**Directions for this task**. Your answer must consist of exactly the lines below, starting with the line with "Used Lincoln Aviator" and going on through the line with "Nguyễn Phúc Chu", and nothing else.

**Exercise materials**.
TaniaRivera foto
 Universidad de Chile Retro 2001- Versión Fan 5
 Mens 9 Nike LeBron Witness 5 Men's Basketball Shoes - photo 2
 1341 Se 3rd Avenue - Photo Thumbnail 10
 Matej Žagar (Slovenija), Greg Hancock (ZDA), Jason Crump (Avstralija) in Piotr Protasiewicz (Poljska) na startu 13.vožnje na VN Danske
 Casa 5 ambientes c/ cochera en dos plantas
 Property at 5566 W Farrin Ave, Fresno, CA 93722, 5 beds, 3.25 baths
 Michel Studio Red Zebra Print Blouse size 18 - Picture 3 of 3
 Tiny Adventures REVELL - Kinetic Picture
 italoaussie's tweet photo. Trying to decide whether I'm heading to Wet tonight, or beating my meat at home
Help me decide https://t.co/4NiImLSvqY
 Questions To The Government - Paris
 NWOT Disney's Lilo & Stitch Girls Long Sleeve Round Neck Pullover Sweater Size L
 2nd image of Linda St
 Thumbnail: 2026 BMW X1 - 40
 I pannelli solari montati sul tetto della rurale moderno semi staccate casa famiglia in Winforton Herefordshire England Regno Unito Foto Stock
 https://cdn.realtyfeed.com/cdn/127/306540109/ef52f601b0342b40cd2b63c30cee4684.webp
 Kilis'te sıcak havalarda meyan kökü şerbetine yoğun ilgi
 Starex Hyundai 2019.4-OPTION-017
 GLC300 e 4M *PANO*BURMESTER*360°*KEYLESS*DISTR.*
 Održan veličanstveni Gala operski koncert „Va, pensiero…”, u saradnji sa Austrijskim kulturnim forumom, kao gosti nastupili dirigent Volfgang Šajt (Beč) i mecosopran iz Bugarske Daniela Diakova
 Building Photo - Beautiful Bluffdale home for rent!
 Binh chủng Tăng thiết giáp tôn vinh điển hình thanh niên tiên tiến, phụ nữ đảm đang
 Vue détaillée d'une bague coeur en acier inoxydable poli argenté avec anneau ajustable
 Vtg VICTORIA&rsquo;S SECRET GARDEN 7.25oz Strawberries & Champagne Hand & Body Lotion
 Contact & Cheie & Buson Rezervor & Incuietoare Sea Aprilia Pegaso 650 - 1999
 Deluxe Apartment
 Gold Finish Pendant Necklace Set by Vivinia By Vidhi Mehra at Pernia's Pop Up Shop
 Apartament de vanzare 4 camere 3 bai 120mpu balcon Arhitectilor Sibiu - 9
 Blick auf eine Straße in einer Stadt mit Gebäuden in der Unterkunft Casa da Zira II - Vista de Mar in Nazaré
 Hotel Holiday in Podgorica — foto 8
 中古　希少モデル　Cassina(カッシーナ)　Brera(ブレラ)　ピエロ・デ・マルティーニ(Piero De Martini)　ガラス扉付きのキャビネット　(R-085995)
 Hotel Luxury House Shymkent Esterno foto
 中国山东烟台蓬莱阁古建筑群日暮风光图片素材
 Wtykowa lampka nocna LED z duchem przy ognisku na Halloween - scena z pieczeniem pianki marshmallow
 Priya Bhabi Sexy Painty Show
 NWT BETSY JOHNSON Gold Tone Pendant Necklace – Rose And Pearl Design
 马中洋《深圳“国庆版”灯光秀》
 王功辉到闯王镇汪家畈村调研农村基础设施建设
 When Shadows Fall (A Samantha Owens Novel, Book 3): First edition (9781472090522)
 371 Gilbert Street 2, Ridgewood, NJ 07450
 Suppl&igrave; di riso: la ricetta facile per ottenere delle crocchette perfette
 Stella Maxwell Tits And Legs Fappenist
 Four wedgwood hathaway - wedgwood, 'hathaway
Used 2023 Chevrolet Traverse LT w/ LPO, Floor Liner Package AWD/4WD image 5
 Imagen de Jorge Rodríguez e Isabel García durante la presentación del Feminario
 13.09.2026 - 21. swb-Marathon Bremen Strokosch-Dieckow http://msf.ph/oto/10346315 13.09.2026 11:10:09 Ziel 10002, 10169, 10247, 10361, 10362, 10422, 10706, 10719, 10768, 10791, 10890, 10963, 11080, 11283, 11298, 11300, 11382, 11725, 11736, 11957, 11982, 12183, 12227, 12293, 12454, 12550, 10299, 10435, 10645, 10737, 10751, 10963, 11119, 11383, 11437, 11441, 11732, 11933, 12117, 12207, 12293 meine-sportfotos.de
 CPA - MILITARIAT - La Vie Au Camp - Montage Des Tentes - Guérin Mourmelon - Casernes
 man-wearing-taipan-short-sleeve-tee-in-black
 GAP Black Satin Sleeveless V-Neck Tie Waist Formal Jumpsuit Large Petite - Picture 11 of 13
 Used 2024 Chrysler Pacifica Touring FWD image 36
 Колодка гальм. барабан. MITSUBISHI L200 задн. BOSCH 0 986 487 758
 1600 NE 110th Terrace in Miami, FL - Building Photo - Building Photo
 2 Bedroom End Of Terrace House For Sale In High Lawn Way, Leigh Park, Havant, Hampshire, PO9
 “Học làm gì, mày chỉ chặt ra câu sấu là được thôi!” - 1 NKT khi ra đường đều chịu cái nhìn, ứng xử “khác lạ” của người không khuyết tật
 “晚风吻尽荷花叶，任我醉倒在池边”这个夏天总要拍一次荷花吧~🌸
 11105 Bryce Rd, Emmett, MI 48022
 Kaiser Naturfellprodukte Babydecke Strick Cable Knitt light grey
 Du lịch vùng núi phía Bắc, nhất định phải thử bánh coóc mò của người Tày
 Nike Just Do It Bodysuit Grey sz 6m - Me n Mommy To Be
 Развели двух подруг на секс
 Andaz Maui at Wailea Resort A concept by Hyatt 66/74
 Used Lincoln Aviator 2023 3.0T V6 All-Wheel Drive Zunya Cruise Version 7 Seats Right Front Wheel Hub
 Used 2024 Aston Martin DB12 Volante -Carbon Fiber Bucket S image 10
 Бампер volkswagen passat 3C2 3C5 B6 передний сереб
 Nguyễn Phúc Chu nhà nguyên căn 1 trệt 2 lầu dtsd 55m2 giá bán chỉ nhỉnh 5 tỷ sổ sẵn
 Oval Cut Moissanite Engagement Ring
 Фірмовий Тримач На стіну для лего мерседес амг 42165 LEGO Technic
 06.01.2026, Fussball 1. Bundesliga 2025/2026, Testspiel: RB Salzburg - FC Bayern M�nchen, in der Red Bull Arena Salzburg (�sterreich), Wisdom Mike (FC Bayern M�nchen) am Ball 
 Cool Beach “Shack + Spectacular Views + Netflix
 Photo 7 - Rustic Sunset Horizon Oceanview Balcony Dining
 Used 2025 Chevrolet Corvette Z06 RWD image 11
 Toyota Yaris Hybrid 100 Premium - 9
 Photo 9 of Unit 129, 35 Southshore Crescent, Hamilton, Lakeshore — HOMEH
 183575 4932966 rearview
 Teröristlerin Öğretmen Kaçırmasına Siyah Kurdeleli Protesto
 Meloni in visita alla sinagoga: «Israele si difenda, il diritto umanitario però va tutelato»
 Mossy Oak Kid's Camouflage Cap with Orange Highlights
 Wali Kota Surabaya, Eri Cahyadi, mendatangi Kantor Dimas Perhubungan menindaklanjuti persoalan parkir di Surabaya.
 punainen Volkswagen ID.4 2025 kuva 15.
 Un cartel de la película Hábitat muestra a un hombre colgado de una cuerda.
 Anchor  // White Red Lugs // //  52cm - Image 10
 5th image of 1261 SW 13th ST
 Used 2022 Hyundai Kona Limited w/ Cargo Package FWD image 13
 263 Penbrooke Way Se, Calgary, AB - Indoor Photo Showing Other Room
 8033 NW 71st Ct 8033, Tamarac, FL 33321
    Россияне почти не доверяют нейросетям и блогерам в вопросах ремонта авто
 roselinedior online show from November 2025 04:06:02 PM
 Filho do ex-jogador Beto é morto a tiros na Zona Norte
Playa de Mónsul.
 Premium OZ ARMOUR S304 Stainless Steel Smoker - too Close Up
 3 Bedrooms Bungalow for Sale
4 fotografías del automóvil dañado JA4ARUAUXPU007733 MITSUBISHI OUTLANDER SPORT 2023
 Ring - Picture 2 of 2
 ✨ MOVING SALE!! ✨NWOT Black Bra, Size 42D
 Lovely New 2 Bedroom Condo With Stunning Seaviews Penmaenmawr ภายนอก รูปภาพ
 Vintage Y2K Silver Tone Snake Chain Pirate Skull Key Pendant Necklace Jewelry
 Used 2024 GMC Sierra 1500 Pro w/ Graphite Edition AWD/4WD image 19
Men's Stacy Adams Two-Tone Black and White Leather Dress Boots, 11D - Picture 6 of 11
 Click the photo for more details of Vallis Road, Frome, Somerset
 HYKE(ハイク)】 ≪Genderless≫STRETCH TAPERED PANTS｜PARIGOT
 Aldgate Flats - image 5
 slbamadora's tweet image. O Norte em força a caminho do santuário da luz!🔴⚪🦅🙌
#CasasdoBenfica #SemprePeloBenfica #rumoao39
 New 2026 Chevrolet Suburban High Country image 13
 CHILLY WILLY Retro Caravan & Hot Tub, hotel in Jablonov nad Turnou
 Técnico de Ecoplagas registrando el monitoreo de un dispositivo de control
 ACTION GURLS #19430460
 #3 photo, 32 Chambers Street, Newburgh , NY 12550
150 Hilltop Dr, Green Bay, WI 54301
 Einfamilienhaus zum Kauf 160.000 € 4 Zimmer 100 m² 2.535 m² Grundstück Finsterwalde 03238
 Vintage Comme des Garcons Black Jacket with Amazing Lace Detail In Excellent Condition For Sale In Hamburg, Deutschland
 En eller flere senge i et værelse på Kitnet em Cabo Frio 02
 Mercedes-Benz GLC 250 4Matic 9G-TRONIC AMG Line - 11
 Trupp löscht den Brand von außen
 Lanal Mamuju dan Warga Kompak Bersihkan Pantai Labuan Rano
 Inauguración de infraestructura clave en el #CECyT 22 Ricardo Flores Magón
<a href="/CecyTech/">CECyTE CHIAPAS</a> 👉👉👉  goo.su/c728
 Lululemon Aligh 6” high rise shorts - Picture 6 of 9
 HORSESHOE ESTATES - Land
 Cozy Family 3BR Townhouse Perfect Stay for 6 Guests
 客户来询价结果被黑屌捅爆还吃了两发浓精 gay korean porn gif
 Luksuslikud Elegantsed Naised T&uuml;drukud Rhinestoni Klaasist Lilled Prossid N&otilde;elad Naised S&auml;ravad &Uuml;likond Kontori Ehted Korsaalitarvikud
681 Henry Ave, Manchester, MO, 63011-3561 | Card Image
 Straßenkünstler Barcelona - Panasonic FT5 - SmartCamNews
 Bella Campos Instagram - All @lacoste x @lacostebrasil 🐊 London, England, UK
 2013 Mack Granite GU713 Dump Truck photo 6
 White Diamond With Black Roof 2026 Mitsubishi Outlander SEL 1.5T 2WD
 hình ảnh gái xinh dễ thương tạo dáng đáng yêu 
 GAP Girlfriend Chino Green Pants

**Written reply**.
 Used Lincoln Aviator 2023 3.0T V6 All-Wheel Drive Zunya Cruise Version 7 Seats Right Front Wheel Hub
 Used 2024 Aston Martin DB12 Volante -Carbon Fiber Bucket S image 10
 Бампер volkswagen passat 3C2 3C5 B6 передний сереб
 Nguyễn Phúc Chu nhà nguyên căn 1 trệt 2 lầu dtsd 55m2 giá bán chỉ nhỉnh 5 tỷ sổ sẵn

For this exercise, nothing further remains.